September 25, 2012

Modular MacPro design Concept

New design for a MacPro.

It is radical departure from current workstations.
It could be a MacPro for the next 10 years.

Key Design features:

1. Modular Design

Like a Lego Blocks. Computer built from different interlocking sections, highly customizable.
Sections seamlessly connect, and share power & data (Thunderbolt).
Different sections: CPU, Optical, Power Supply, PCI, HDD etc.

One user needs are very different from others, so should be a MacPro.

2. Pro & Consumer CPU Options

Server class dual CPUs (Xenon E5), 8 DIMM ECC memory slots.

Consumer CPU i3, i5, i7, 4 DIMM slots.

3. Entering new markets

Various configurations:
  • Small home/ iTunes Server - Competes with NAS makers (QNAP, Synology)
  • Pro Servers (again)
  • Consumers Workstations (Headless iMac)
  • Base Consumer (little better than Mac Mini)
  • Pro Workstations

Peter Zigich


  1. Peter,

    Thanks for sharing this. The modularity is an interesting way to look at things. I fear 'real world' circumstances such as structural stability (when lifting this up by the handles) and the cost of manufacturing the various units would make it untenable. Made me smile, though.


  2. This is very clever.

    As a Web and Graphic Designer, and a Mac Pro user, I have felt that at times the Mac Pro was sometimes an odd fit. My needs might be different from a CAD Engineer, or a Video producer, or a rabid gamer.

    Since the Mac Pro seems to be Apples orphan, there are no longer Mac Pro graphics in Apple stores, I wonder about the platforms future. Tim Cook has promised us "something great" in 2013... but that could easily be an odd beast such as an "iMac Pro"

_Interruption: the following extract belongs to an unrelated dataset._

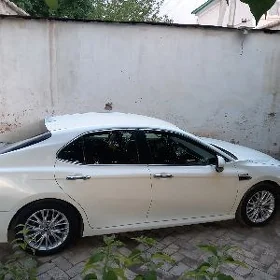 Toyota Camry 2020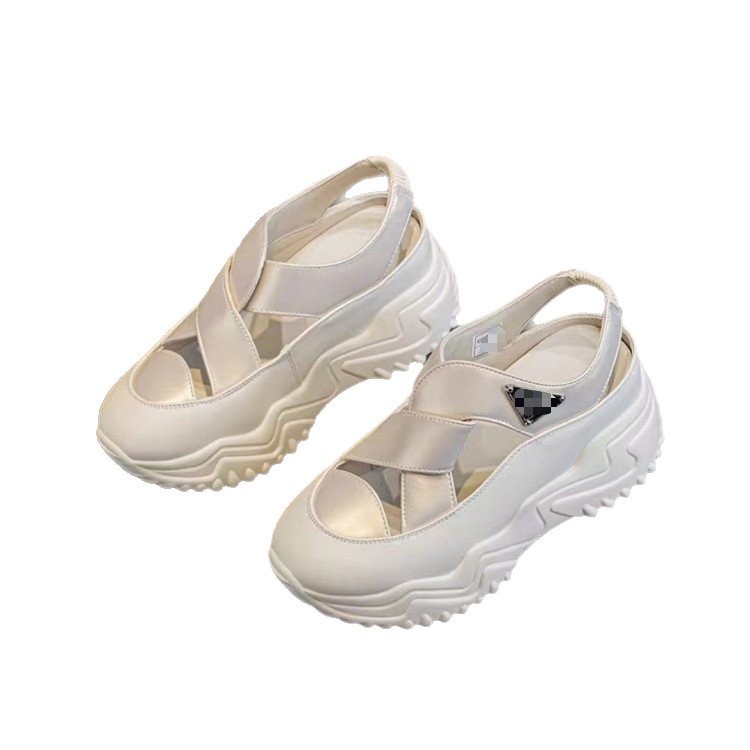 Baotou hueco sandalias de temperamento para mujeres versátiles suela gruesa 2026 verano nuevos zapatos de papá zapatos casuales de moda para mujeres transpirables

  3. This is really nice! We all just could wish that Apple will catch up on this!
    Just missing one "modular variant" where it fits in 19" server racks

  4. I like the concept. Manufacturing, predicting demand, warehousing, and all that would be a challenge. I think it would be nice of Apple to license a special Pro version of their OS so that the small group of workstation users could make Hackintosh computers that could fit their own needs. Its a very small bunch.